== MATERIAL PROVIDED ==
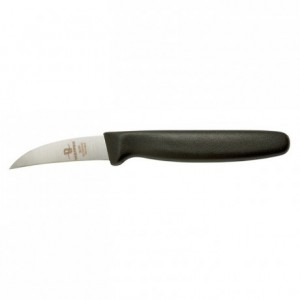 Peeling knife black L 60 mm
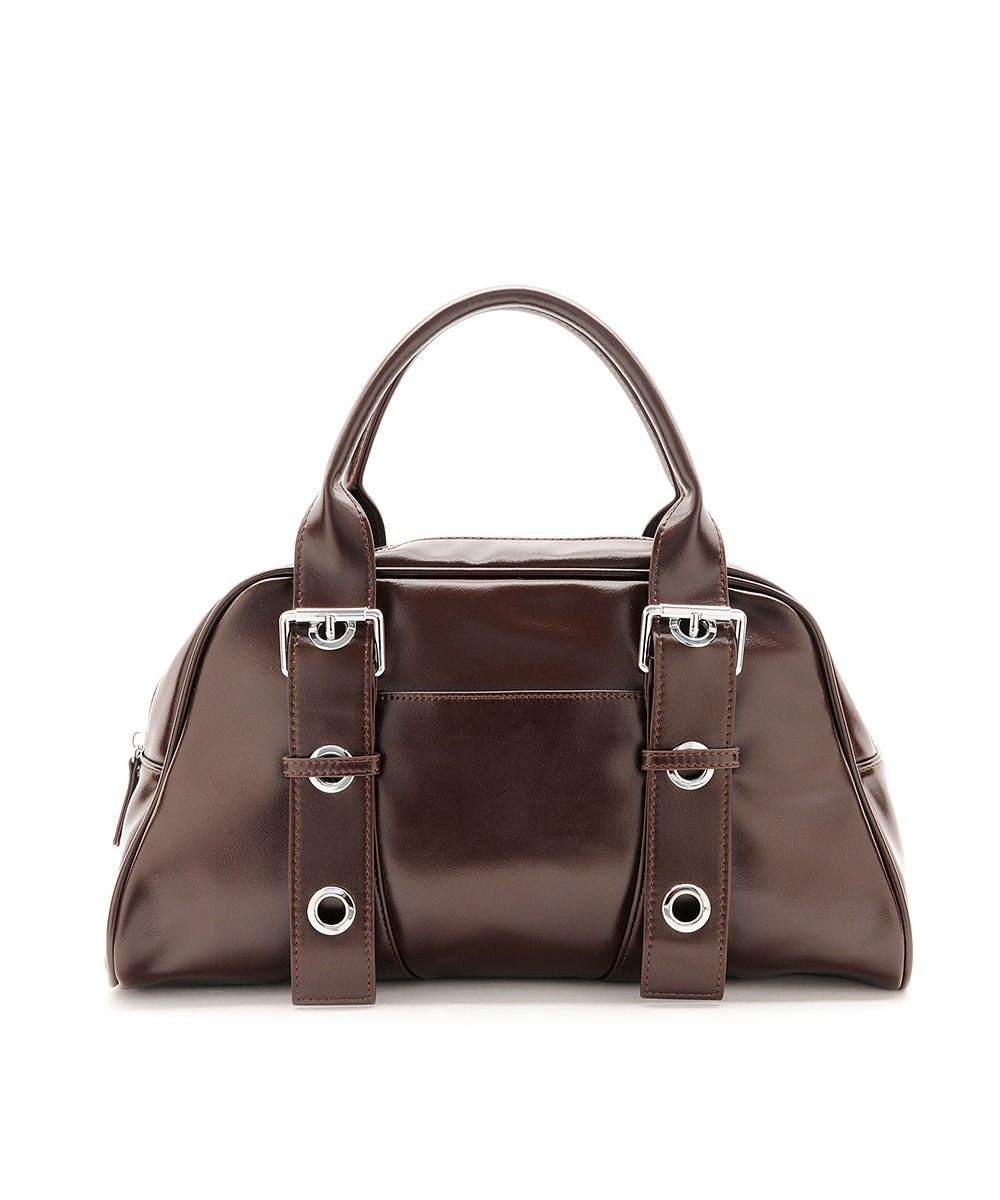 MioFIRANO ベルトハンドルボストンバッグ　FR エフアール 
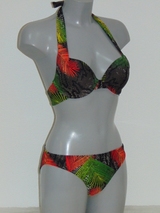 After Eden Dominica print push up bikini bra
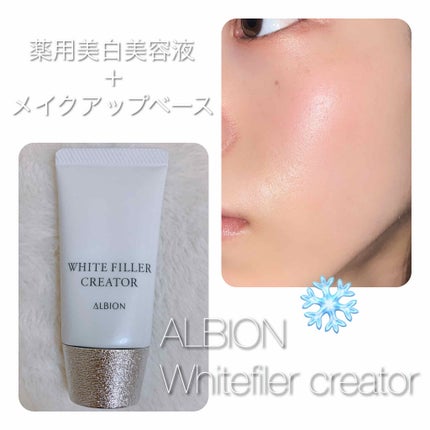 アルビオン ホワイトフィラー クリエイター/ALBION/化粧下地を使ったクチコミ(1枚目)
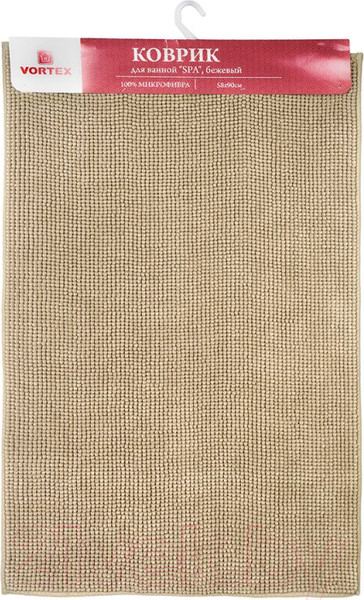 Изображение товара Коврик для ванной Vortex Spa / 24129 (58x90)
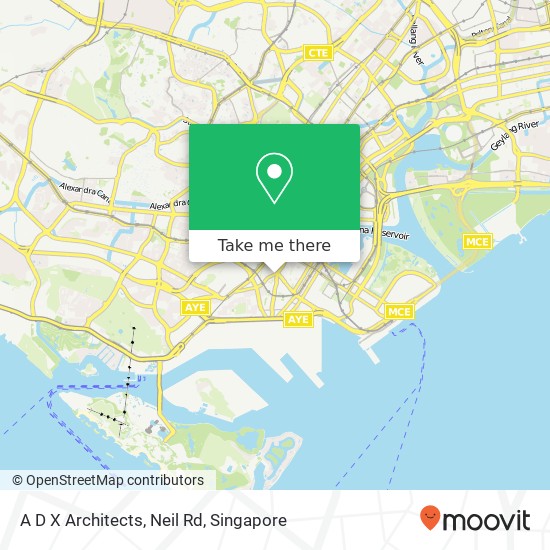 A D X Architects, Neil Rd地图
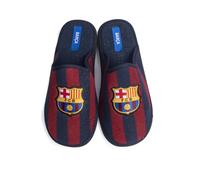 MARPEN SLIPPERS, Zapatillas de Casa de Rizo Ligeras de Verano Oficiales del FC Barcelona de Fútbol para Hombre o Mujer, Abiertas Blaugranas, Talla 43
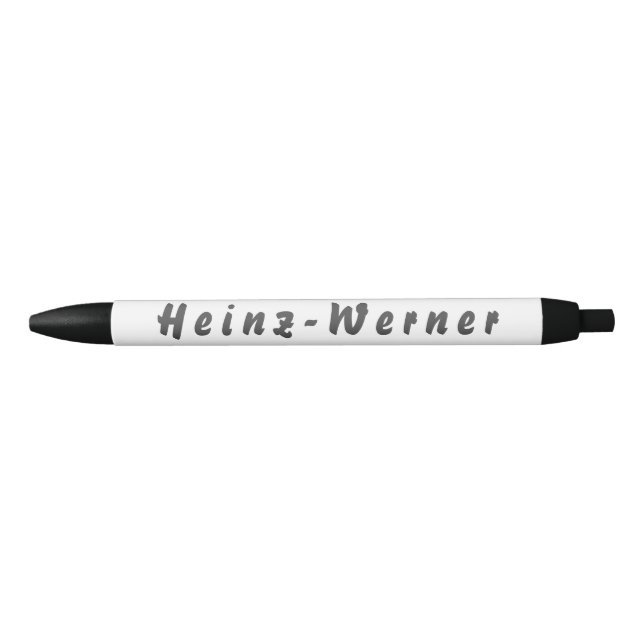 Bolígrafo De Tinta Negra Heinz-Werner Kugelschreiber (Anverso)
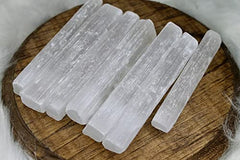 Pachamama Essentials selenite logs 2 lbs bulk for cleansing crystals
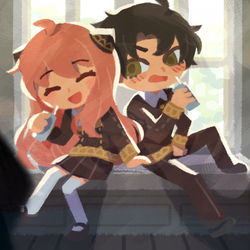 This is a pixiv picture whose title is ダミアニャ！.
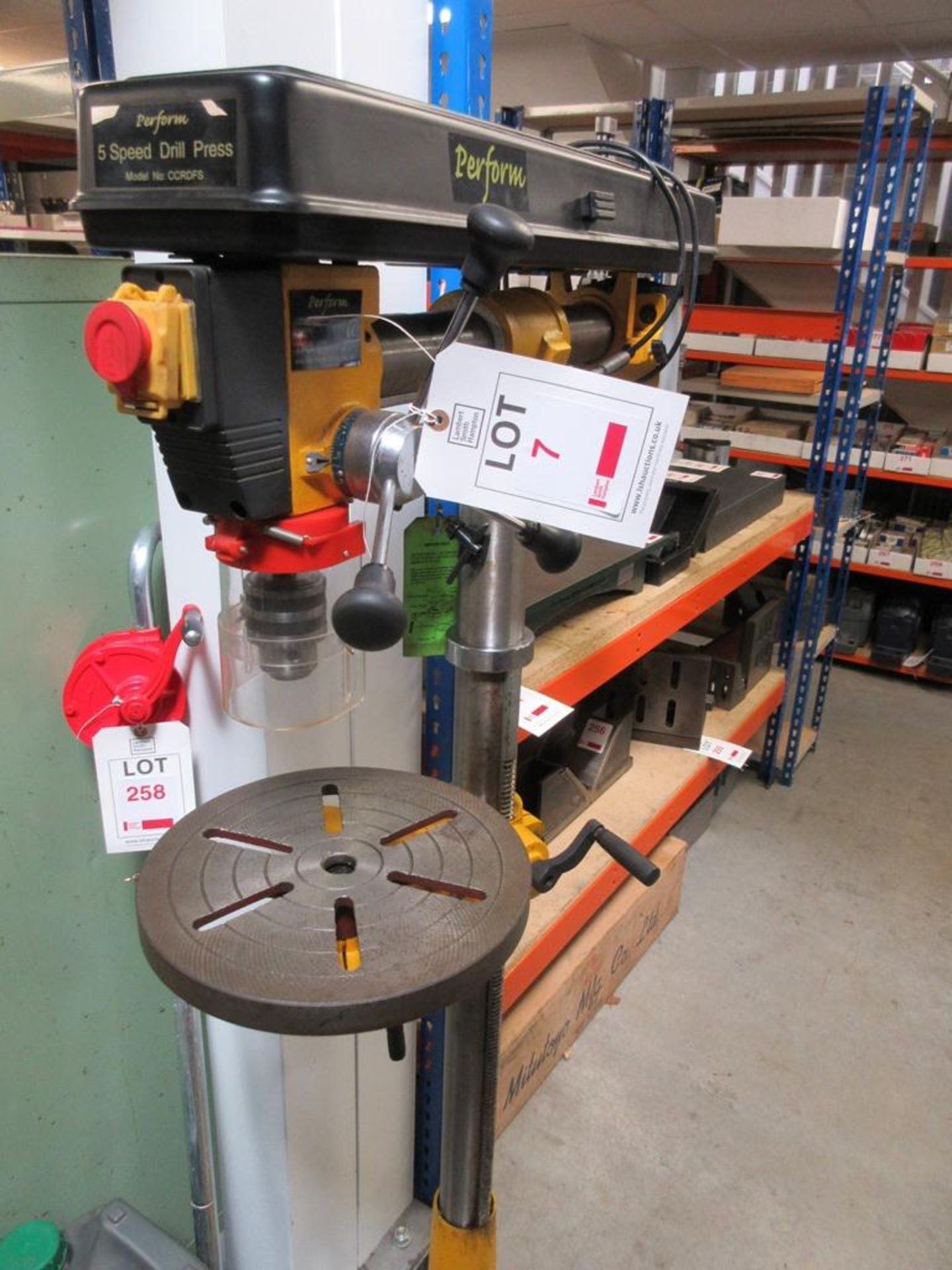 Perform CCRDFS 5 Speed Pillar Drill - Bild 2 aus 3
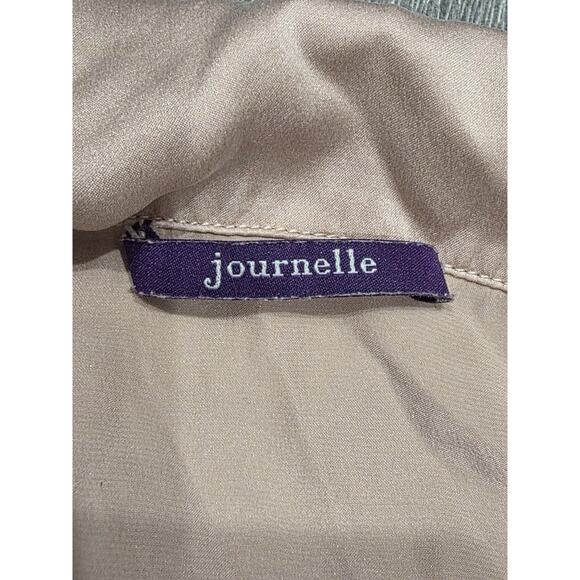 Journelle Women's 100% Silk Pajama shirt long sleeve pink Top Size M A003594 - Picture 8 of 11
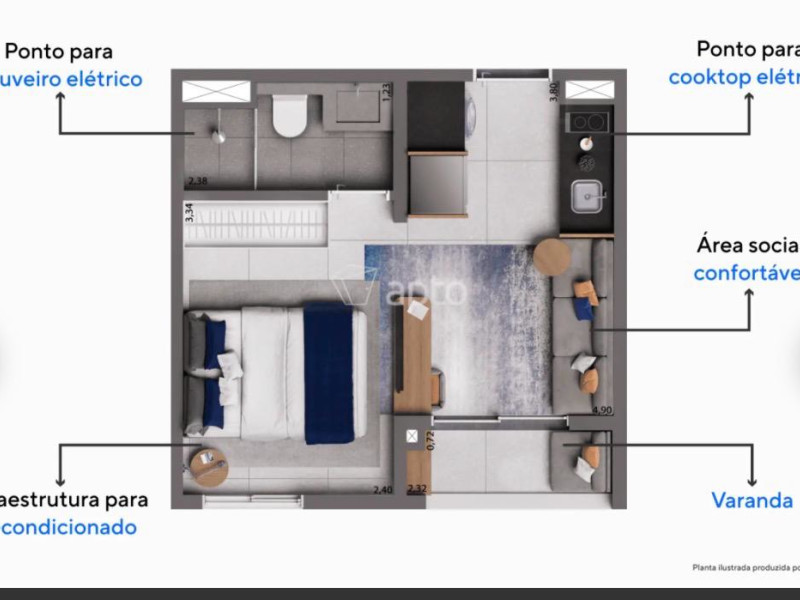 imóvel com 25m² - Brooklin - São Paulo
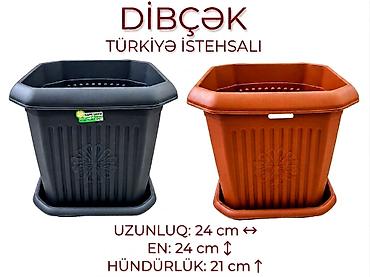 Bitkilər üçün dibçəklər: Dibçək – Türkiyə istehsalı keyfiyyətli gül qabı Ev, balkon, bağ və — 1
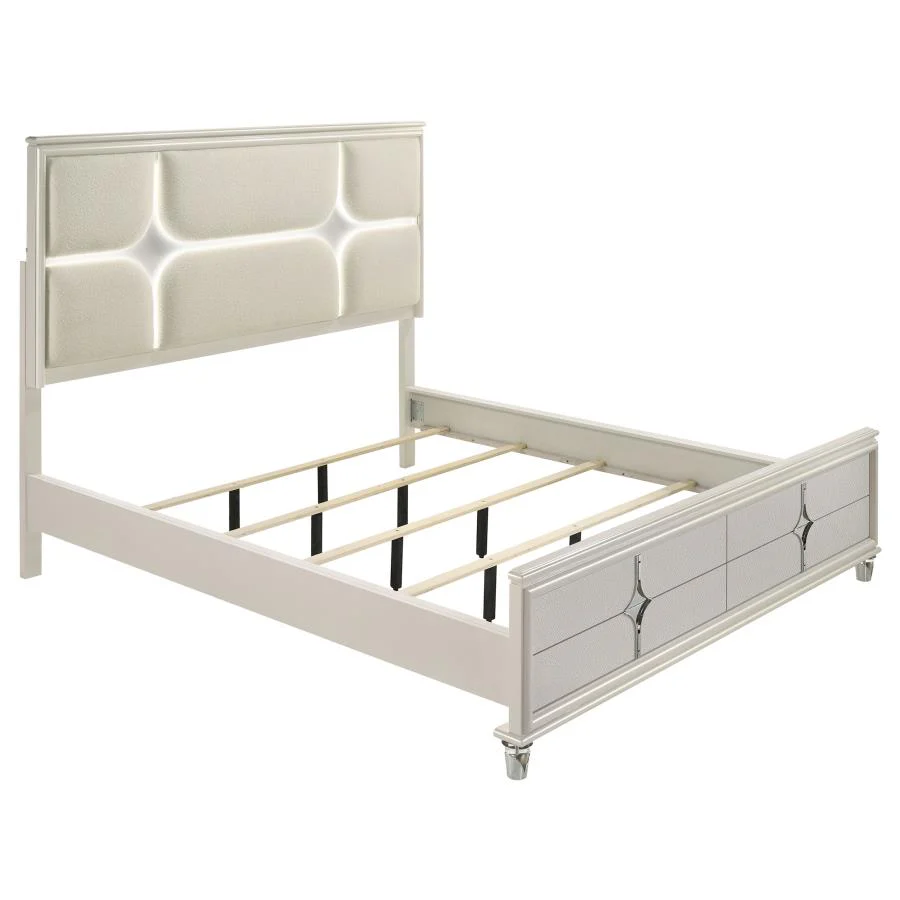 Olivia Bedroom Set Pearl White - Image 7
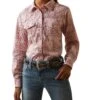 Ariat Girls' Paisley Snap Shirt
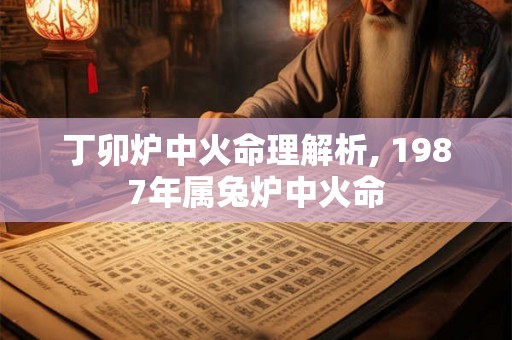 丁卯炉中火命理解析, 1987年属兔炉中火命
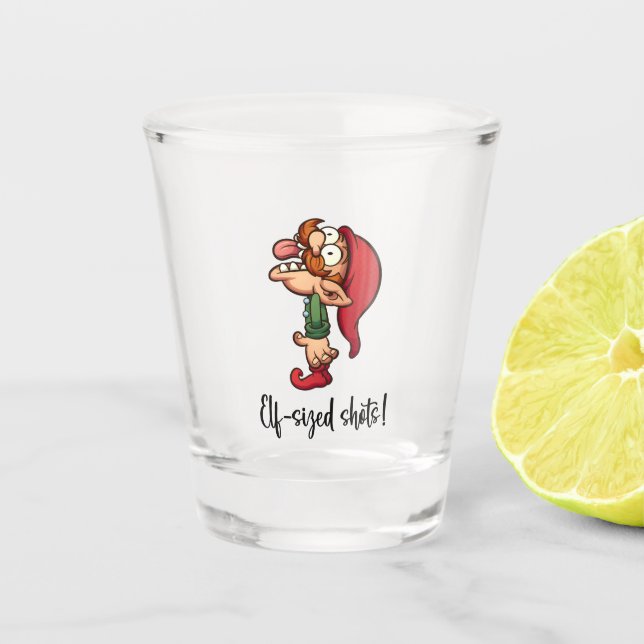 Elf Sized Schnapsglas (Vorderseite)
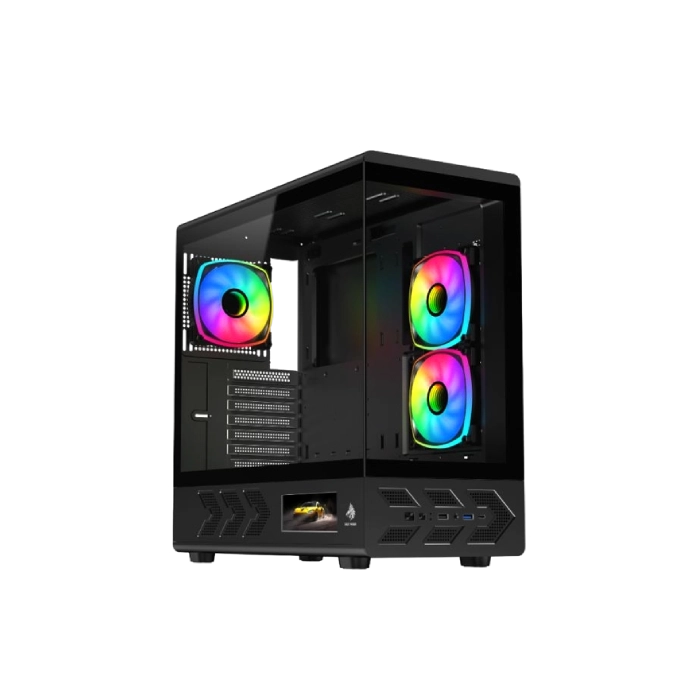 CASE EAGLE WARRIOR CG01J6RA001C MID TOWER SIN VENTILACION INCLUIDA CON VIDRIO TEMPLADO SIN FUENTE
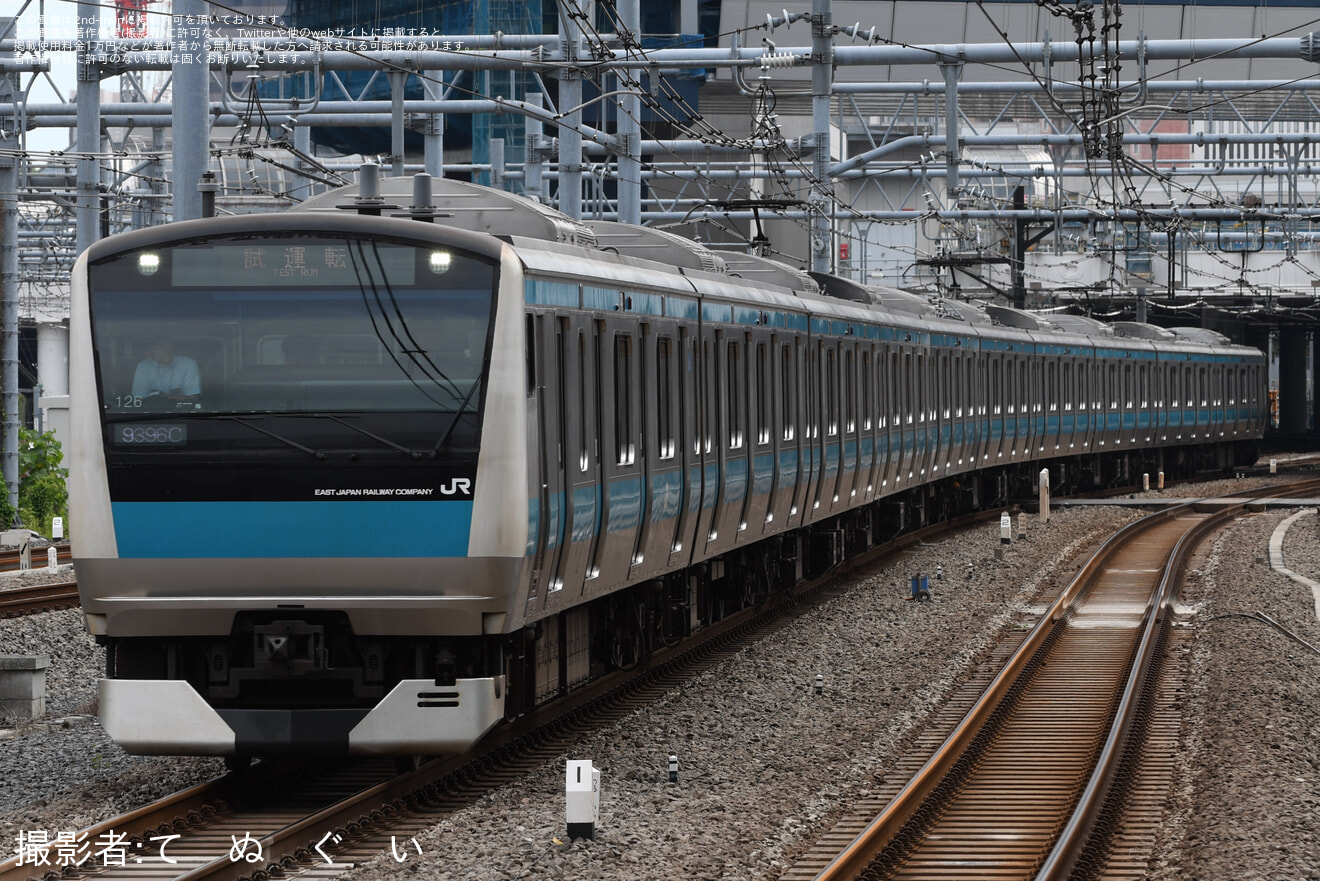 【JR東】E233系サイ126編成を使用した大田運輸区乗務員訓練の拡大写真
===
Lines from the one that contains "Bolígrafo De Tinta" to the final line of the material are the whole answer. Reproduce them word for word and skip the pictures.

 Bolígrafo De Tinta Negra Heinz-Werner Kugelschreiber (Anverso)
 Pachamama Essentials selenite logs 2 lbs bulk for cleansing crystals
 This is a pixiv picture whose title is ダミアニャ！.
 Perform CCRDFS 5 Speed Pillar Drill - Bild 2 aus 3
 Journelle Women's 100% Silk Pajama shirt long sleeve pink Top Size M A003594 - Picture 8 of 11
 imóvel com 25m² - Brooklin - São Paulo
 Bitkilər üçün dibçəklər: Dibçək – Türkiyə istehsalı keyfiyyətli gül qabı Ev, balkon, bağ və — 1
 Olivia Bedroom Set Pearl White - Image 7
 Ariat Girls' Paisley Snap Shirt
 丁卯炉中火命理解析, 1987年属兔炉中火命
 Elf Sized Schnapsglas (Vorderseite)
 CASE EAGLE WARRIOR CG01J6RA001C MID TOWER SIN VENTILACION INCLUIDA CON VIDRIO TEMPLADO SIN FUENTE
 【JR東】E233系サイ126編成を使用した大田運輸区乗務員訓練の拡大写真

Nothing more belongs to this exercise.